If this was supposed to be a dull, ho-hum Democratic election compared with the excitement of the 1986 primary, the data don't support that wide-held belief. Statewide figures this year show a 4 percent improvement for Democrats over the statewide 1986 primary. Since there were fewer registered Democrats, however, the total was down. In 1986, 679,230 Democrats turned out. This year, the figures were down to 525,516.
When Gov. William Donald Schaefer defeated Attorney General Stephen H. Sachs four years ago, he rolled up an impressive total of 395,170 votes. His total this year in the victory over Frederick M. Griisser was down by nearly 37,000 votes.
The 100,000 votes registered by Griisser, who had little name identification and no significant campaign, has been regarded as a protest vote against the incumbent, a 22 percent protest vote.

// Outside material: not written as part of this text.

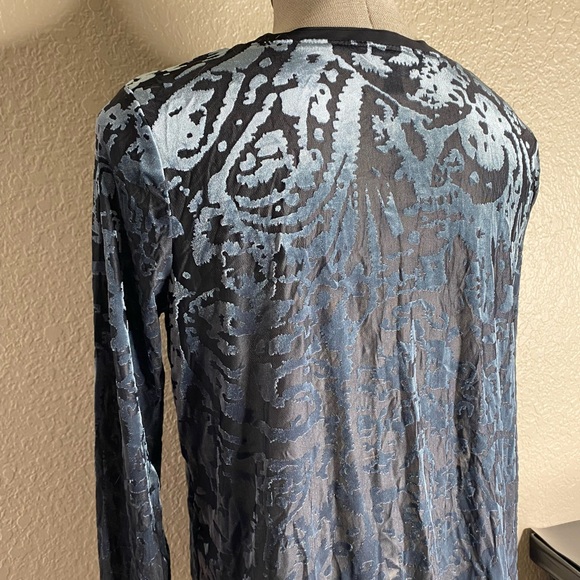Simply Vera Wang Sheer Velvet Burnout Top - Picture 9 of 12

Since Schaefer was better than a 3 to 1 winner, the protest was certainly not threating to the governor. But it could be higher in reality. If the total of those voters who refused to choose any Democratic gubernatorial candidate, a none-of-the-above sort of action, were included in the figuring, the protest might be of somewhat larger dimensions.
There were 66,166 Democrats statewide who did vote in the election but skipped both Schaefer and Griisser. That's 12 percent of the total. Four years ago, the comparable figure was 39,266. So the none-of-the-above vote showed a significant increase.
Schaefer won easily in Baltimore County, for example, but clos to 10,000 Democrats skipped the governor's race.
The governor also was not the leading Democratic voter-getter. That honor went to Comptroller Louis L. Goldstein, who led all primary candidates with over 370,000 votes.
Dissatisfaction by GOP voters with their candidates was greater. Only 26 percent, or 159,001, bothered to turn out. And some 20 percent of that total, or 31,970, passed over both William S. Shepard and Ross Z. Pierpont for their gubernatorial choices.
Voters like a wide choice. They showed it in the 1st Congressional District. With Republican candidates, only 1,900 skipped the race. On the Democratic side, over 8,600 didn't bother to choose any of the four candidates.
The worst turnout was on the Republican side, with the Baltimore party turning out only 18 percent. Cecil County Democrats had the best, with 57 percent.
By the way: The 1st District congressional race appears too close to call with five weeks to go. A GOP poll taken Sept. 18 and 19, after the primary, shows Republican challenger Wayne T. Gilchrest leading Democratic incumbent Roy Dyson by 40 percent to 39 percent. That's a tossup, allowing for a margin of error of 5.5 percent in the 300 voters sampled. Gilchrest has been promised more financial help and some big-name help, with Marilyn Quayle and HUD Secretary Jack Kemp among those mentioned. Gilchrest has a White House picture session with President Bush scheduled for Oct. 11.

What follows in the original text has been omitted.